夜ふけのなわとび 第1798回  林 真理子 2023/06/16

トシとったら

 このたび文藝春秋(ぶんげいしゅんしゅう)の新社長が決まった。

 古い読者の方は憶えておいで(御出で、「いること」の尊敬語)だろうか。この連載エッセイの初期によく登場していた「イイクボ青年」のことを。

 当時はファックスもなく、私が原稿を書く間、彼はずうっとテレビを見ていたものだ。その彼が出世階段をかけ上がり社長就任となった。

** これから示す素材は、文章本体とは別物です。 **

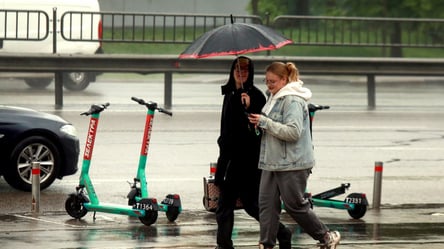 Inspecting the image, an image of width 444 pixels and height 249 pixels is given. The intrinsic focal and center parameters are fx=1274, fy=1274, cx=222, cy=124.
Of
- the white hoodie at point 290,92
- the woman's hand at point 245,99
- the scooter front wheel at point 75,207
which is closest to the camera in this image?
the white hoodie at point 290,92

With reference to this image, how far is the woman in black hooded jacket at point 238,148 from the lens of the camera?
965 centimetres

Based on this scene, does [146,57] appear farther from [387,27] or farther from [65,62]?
[387,27]

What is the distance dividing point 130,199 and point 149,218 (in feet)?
1.72

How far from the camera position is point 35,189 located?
1217cm

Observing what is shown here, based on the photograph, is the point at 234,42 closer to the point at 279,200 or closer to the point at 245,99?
the point at 245,99

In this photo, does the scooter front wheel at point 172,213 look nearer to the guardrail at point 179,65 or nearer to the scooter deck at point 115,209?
the scooter deck at point 115,209

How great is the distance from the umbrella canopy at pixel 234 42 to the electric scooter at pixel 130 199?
5.97ft

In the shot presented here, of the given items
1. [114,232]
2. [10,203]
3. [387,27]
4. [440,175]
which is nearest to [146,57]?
[387,27]

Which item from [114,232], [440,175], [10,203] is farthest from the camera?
[440,175]

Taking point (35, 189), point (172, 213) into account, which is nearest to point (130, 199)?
point (172, 213)

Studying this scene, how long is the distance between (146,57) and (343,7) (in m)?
13.4

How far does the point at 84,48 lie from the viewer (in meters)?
24.1

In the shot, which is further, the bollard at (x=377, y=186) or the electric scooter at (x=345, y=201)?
the bollard at (x=377, y=186)

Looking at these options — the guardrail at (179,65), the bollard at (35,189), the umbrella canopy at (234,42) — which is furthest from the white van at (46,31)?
the umbrella canopy at (234,42) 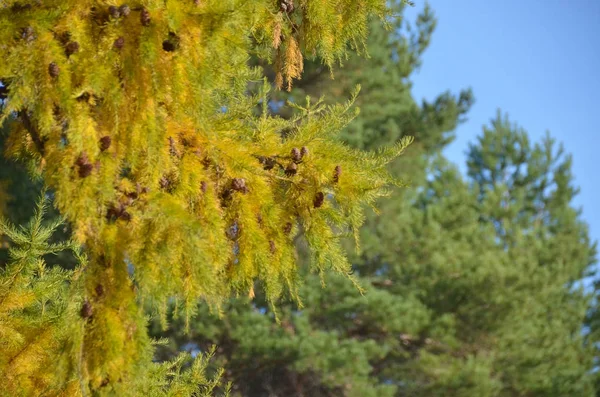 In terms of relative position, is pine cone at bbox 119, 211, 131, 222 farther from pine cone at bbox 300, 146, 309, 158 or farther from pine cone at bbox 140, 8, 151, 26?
pine cone at bbox 300, 146, 309, 158

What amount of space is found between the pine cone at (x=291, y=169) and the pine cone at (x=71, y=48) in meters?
0.81

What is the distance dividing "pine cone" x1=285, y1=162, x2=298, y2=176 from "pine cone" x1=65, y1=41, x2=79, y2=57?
81 cm

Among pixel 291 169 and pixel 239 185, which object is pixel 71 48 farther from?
pixel 291 169

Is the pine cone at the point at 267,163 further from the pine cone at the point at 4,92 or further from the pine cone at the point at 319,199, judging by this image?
the pine cone at the point at 4,92

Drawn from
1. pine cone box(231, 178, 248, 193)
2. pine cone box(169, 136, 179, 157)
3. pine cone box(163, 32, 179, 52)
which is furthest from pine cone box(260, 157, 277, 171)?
pine cone box(163, 32, 179, 52)

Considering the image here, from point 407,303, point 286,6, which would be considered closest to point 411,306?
point 407,303

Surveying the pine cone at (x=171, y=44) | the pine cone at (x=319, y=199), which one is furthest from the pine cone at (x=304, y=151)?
the pine cone at (x=171, y=44)

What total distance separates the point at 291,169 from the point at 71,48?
83cm

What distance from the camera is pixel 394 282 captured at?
16.5 m

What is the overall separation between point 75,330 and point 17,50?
2.49 feet

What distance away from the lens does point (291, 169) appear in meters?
2.78

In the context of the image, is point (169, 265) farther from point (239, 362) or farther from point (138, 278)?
point (239, 362)

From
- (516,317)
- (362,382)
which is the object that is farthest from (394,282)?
(362,382)

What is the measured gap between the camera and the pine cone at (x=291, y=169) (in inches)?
109
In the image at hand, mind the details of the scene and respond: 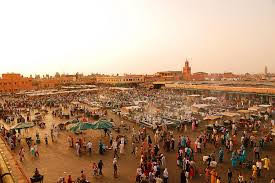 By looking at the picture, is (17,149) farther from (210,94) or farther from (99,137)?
(210,94)

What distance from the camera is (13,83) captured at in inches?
3014

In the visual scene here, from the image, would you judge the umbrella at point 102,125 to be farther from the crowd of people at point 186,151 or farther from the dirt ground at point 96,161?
the dirt ground at point 96,161

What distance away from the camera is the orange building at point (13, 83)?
74681mm

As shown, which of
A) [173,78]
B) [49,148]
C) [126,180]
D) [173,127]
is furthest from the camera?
[173,78]

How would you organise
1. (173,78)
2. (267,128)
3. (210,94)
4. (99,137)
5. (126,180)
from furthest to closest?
1. (173,78)
2. (210,94)
3. (267,128)
4. (99,137)
5. (126,180)

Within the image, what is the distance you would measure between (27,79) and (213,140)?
7662 centimetres

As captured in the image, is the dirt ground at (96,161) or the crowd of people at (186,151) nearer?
the crowd of people at (186,151)

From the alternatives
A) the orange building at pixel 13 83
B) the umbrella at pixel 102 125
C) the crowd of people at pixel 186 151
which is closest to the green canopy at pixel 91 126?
the umbrella at pixel 102 125

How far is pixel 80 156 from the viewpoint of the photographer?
14.4m

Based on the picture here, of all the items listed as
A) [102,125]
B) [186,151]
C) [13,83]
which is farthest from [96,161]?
[13,83]

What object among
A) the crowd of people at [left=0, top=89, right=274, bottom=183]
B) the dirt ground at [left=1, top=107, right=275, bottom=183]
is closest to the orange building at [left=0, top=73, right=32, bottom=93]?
the crowd of people at [left=0, top=89, right=274, bottom=183]

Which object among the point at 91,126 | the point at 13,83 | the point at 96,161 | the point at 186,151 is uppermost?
the point at 13,83

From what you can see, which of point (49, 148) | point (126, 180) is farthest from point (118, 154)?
point (49, 148)

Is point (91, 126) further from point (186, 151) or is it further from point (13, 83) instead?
point (13, 83) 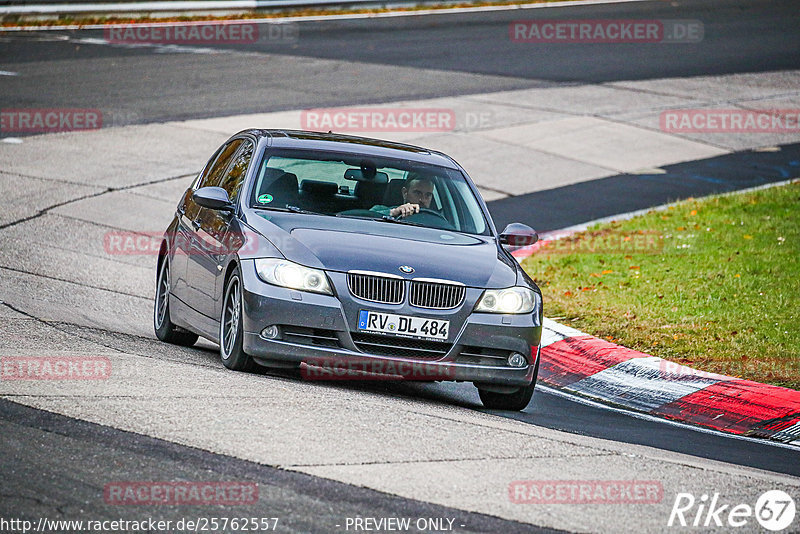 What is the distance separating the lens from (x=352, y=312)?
7.88 meters

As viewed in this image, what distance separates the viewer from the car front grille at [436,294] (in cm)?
797

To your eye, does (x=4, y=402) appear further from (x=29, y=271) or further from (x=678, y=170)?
(x=678, y=170)

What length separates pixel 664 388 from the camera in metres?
9.39

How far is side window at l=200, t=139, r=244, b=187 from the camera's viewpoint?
10023 millimetres

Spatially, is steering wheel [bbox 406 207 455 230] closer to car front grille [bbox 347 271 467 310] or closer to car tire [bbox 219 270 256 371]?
car front grille [bbox 347 271 467 310]

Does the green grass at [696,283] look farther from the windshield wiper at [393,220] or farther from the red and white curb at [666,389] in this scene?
the windshield wiper at [393,220]

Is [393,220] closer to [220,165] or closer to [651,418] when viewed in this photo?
[220,165]

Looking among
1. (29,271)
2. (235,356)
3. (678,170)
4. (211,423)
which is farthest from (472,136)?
(211,423)

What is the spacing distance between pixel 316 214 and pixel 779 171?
41.4ft

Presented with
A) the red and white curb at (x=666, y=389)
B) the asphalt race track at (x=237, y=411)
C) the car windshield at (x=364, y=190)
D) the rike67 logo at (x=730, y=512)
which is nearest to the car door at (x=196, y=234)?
the asphalt race track at (x=237, y=411)

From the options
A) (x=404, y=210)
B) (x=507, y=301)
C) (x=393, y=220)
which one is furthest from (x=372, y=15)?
(x=507, y=301)

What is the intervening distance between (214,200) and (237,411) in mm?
2375

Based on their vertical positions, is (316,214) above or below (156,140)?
above

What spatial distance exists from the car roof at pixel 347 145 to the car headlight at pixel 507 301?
174cm
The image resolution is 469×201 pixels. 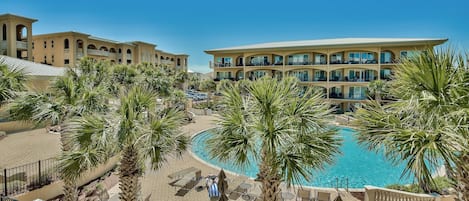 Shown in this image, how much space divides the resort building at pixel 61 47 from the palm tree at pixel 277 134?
25654mm

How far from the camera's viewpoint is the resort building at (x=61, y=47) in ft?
130

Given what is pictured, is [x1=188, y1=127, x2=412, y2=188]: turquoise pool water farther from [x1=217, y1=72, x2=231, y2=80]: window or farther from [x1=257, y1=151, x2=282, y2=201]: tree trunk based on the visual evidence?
[x1=217, y1=72, x2=231, y2=80]: window

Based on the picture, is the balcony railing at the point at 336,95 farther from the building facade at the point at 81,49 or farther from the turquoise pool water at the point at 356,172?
the building facade at the point at 81,49

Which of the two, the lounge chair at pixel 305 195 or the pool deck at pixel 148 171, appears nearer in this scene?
the lounge chair at pixel 305 195

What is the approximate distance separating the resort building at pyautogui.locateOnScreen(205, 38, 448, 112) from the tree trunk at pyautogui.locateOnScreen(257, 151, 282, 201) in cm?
3107

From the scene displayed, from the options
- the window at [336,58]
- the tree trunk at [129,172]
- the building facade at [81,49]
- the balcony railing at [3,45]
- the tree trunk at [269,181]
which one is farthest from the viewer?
the building facade at [81,49]

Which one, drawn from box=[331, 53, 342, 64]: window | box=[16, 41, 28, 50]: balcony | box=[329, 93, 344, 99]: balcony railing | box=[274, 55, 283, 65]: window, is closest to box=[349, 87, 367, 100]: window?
box=[329, 93, 344, 99]: balcony railing

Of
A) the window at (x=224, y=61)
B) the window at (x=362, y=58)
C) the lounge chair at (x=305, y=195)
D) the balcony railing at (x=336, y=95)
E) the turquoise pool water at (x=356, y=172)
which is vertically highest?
the window at (x=224, y=61)

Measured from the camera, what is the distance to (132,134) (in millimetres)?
6305

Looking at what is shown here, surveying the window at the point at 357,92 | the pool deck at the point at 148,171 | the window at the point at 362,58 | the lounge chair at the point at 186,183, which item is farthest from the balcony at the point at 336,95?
the lounge chair at the point at 186,183

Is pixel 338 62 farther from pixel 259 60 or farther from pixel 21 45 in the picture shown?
pixel 21 45

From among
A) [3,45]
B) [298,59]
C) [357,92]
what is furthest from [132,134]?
[3,45]

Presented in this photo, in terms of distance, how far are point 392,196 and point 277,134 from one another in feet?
18.7

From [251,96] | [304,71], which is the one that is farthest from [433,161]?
[304,71] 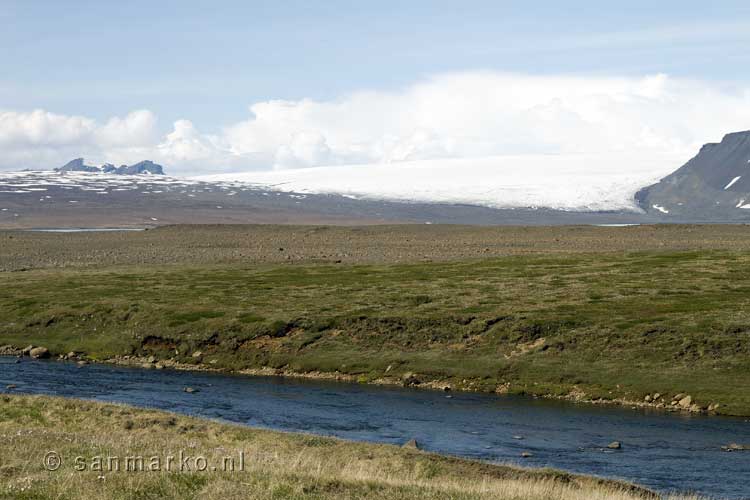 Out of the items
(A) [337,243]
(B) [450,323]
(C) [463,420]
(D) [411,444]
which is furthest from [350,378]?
(A) [337,243]

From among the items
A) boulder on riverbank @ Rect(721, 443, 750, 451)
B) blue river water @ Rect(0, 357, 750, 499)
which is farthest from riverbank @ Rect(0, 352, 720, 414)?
boulder on riverbank @ Rect(721, 443, 750, 451)

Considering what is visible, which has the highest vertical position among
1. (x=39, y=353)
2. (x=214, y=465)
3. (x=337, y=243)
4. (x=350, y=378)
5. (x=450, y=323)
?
(x=337, y=243)

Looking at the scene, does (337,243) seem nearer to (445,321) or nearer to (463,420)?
(445,321)

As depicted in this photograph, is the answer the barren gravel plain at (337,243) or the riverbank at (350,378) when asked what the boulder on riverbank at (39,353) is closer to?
the riverbank at (350,378)

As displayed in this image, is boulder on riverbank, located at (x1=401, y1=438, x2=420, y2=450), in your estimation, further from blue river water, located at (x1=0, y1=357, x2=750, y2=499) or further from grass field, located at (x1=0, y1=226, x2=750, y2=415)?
grass field, located at (x1=0, y1=226, x2=750, y2=415)

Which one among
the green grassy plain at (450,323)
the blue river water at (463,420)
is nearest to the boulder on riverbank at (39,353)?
the green grassy plain at (450,323)

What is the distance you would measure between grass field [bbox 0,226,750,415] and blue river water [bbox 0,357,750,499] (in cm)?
299

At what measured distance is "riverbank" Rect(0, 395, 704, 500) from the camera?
67.3 ft

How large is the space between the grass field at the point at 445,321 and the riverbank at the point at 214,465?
17.5m

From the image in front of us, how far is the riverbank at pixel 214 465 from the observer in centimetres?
2050

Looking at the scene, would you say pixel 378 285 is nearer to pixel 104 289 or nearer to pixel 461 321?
pixel 461 321

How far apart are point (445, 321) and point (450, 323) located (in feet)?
1.24

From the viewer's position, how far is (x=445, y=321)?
5653 cm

 長く作家業(さっかぎょう)をやっているが、担当編集者が社長になった、というのは初めての経験である。めでたい。何かいいことがあるわけではないが、嬉しいものである。そういえば、“上から目線”で有名であった、このページの元担当者、ハトリさんは、停年退職後の昨年、作家デビューを果たした。長年(ながねん)の恩に報いる(むくいる)ため、ちゃんと帯の推薦文(おびのすいせんぶん)を書いた私。そのせいとは言わないが、最初の歴史小説は売れゆきが好調で、重版(じゅうはん)となったそうだ。もう次回作も決まっているとか。よかった、よかった。

 編集者から作家になる人は昔から多くて、最近もマガジンハウスの元担当編集者が、純文学系の文芸誌の新人賞を受賞した。先日も三島賞(みしましょう)の候補になったばかりだ。

 マガジンハウスの編集者だから、おしゃれでカッコいい青年である。フジテレビのアナウンサー試験の最終に残ったという経歴が自慢だ。彼が三島賞を受賞したら、島田雅彦さん((しまだ まさひこ、1961年3月13日 - )以来の美男作家となったのに非常に残念である。次は頑張ってほしい。

 ところで考えてみると、いや、考えてみなくても我々作家は受注産業(じゅちゅうさんぎょう)。じっと待っていて、お仕事をいただくわけだ。編集者との関係はよくしておかなければならない。本が売れてくると威張ったり(イバったり)、私用に使う人がいるらしいが、とても信じられない話だ。

 作家はトシをとったら、ますます編集者に気を遣わなくてはならないのである。

 自分がもし若い編集者だったら、気を遣うジイさん、バアさんの作家のところなんかに行きたくない。それよりも若く売れてる作家をやりたいと考える。クラブ活動の延長のように、居酒屋で飲んだり、一緒に旅行に行った方がずっと楽しそう。

 話は変わるようであるが、先週の日曜日は、わが大学のワールド・カフェ。新入生1万5000人がいくつかの会場に集まり、ひとつのテーマでディスカッションするイベントだ。

 私もさっそく近くのキャンパスに行ってみることにした。思いっきり若づくりして、カジュアルな格好で出かけた。

 200人が5人ほどのテーブルに分かれる。

「理事長も参加してください」

 ということで、4人のグループに入れてもらった。まずいろんな学部の子が集まってくるので、胸に自己紹介のカードをつける。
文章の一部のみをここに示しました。